Adilkah putusan yang demikian meski itu merupakan hukuman penjara yang maksimal? Saya yakin 100% pembaca menyatakan dengan tegas, "Tidak adil!" Bagaimana bisa orang yang korupsi malah enak-enakan mendekam di penjara dengan penghasilan Rp 12,5 juta per hari. Lamanya 20 tahun lagi!
Jika demikian, maka benar kata orang-orang awam di jalanan, "Kalau mau korupsi, jangan tanggung-tanggung!" Putusan hakim memang sering kali menyakitkan dan dirasakan tidak adil sama sekali di hati orang awam. Salah satu contoh ekstrimnya adalah pencuri seekor ayam dipenjara selama 3 bulan. Demikian pula hukuman bagi para koruptor, tak jauh terpaut dari kisaran waktu itu. Padahal, secara kuantitatif harga seekor ayam jauh lebih kecil dibanding kerugian negara yang diakibatkan korupsi.
Melihat fenomena semacam itu, rasanya lebih adil dan paling pas jika hakim memberikan saja putusan hukuman mati terhadap koruptor. Dan pidana mati itu harus segera dilaksanakan begitu putusannya telah memenuhi kekuatan hukum yang tetap. Jangan berlarut-larut seperti saat ini sehingga terpidana mati merasa seolah-olah berada di dua alam sekaligus. Kakinya memang masih menjejak di bumi, tapi hati dan jiwanya sudah berada di alam baka.
Dalam hal ini, Indonesia harus banyak belajar dari penegakan hukum Cina yang sangat tegas terhadap koruptor. Selain dihukum mati, terpidana koruptor dan ahli warisnya masih dibebani mengembalikan kerugian negara yang belum impas dengan jumlah uang yang dikorupsi. Bahkan, almarhum koruptor itu juga masih mungkin digali lagi untuk mengambil barang-barang berharga milik almarhum yang mungkin ikut dikuburkan di dalam peti mati. Cina memang patut diacungi jempol oleh masyarakat internasional karena sudah berani menerapkan penegakan hukum dengan moto, "Memberantas korupsi hingga liang mati" tersebut. Hasilnya memang ampuh. Cina dalam beberapa tahun terakhir ini boleh dibilang sepi dari korupsi.

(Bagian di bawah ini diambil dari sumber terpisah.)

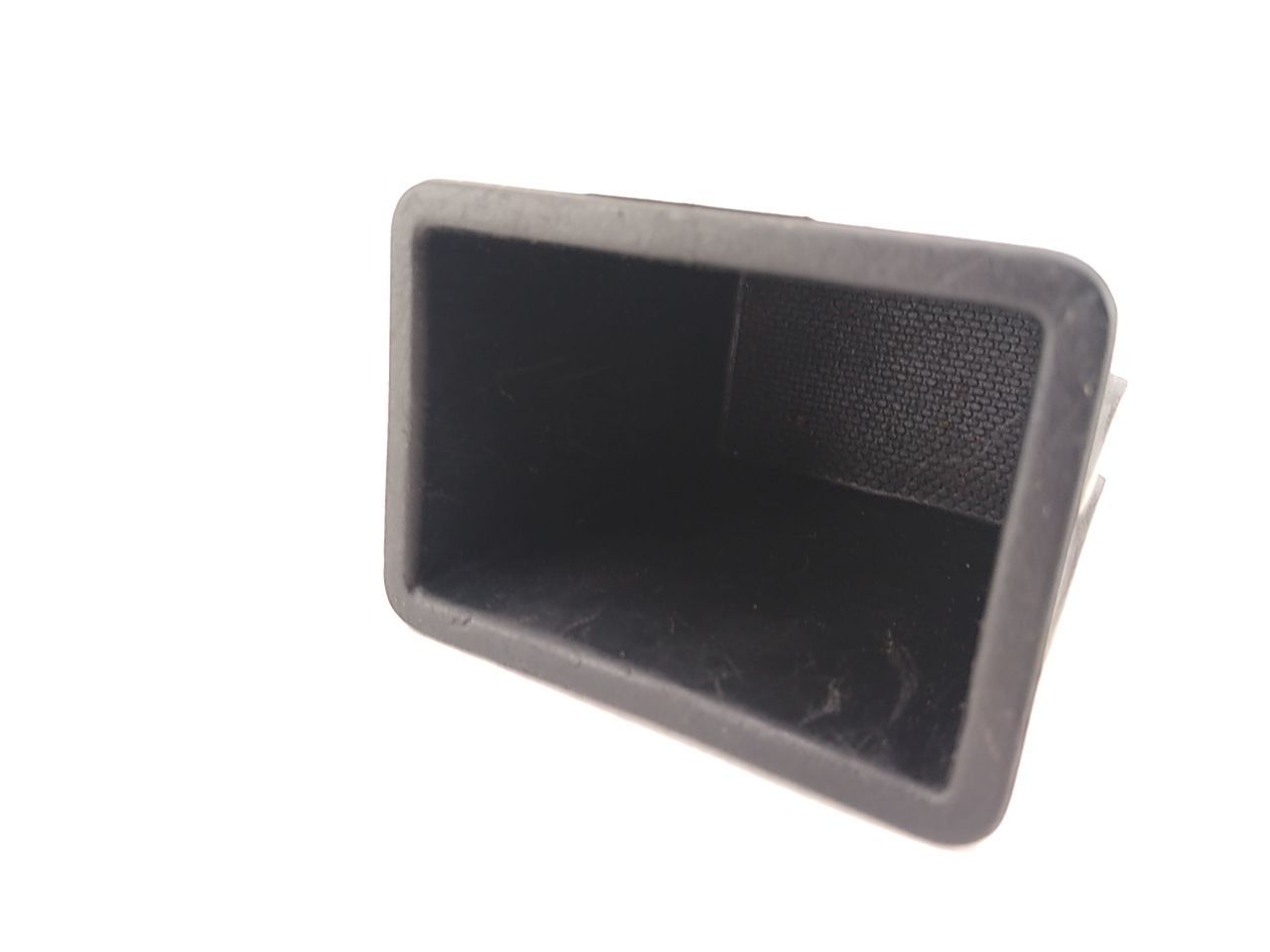 Hyundai Tiburon Front Tray Console Pad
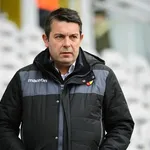 RC Lens : Mercato (quasiment) clos chez les Sang et Or !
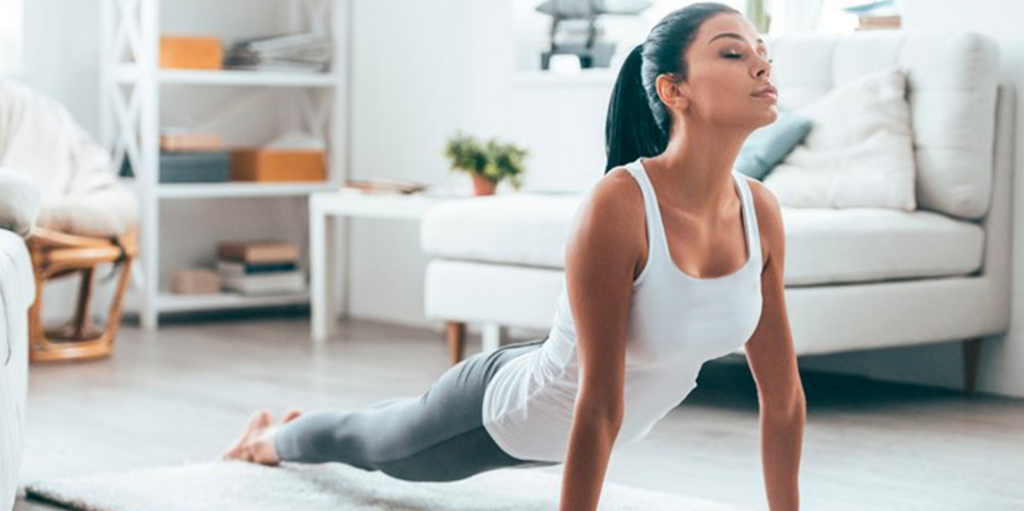 Menos de 30 minutos diários de exercício podem melhorar a cognição 1 Treine_em_casa_4_exercícios_para_quem_tem_pouco_tempo_(1)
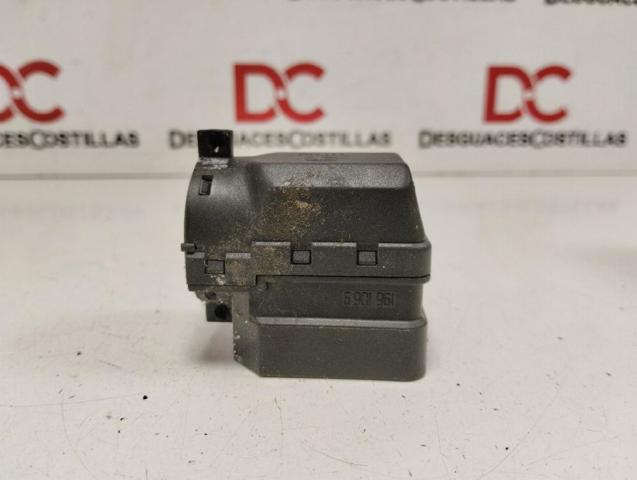 Kostka stacyjki zapłonowej 61326901961 BMW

Beranikah Indonesia mencontoh Cina yang sangat keras menindak koruptor? Untuk itu, kita harus bersabar menunggu "sembuhnya" DPR sebagai lembaga legislatif untuk mengubah perundang-undangan antikorupsi menjadi seperti di Negeri Tirai Bambu itu. Atau kita tunggu sampai ada "Pengadilan Rakyat" yang menghukum koruptor itu berjalan sejauh 1.350 km dan memanjat hingga ketinggian 900 meter sesuai dengan panjang dan tebal uang Rp 90 miliar yang dikorupsi.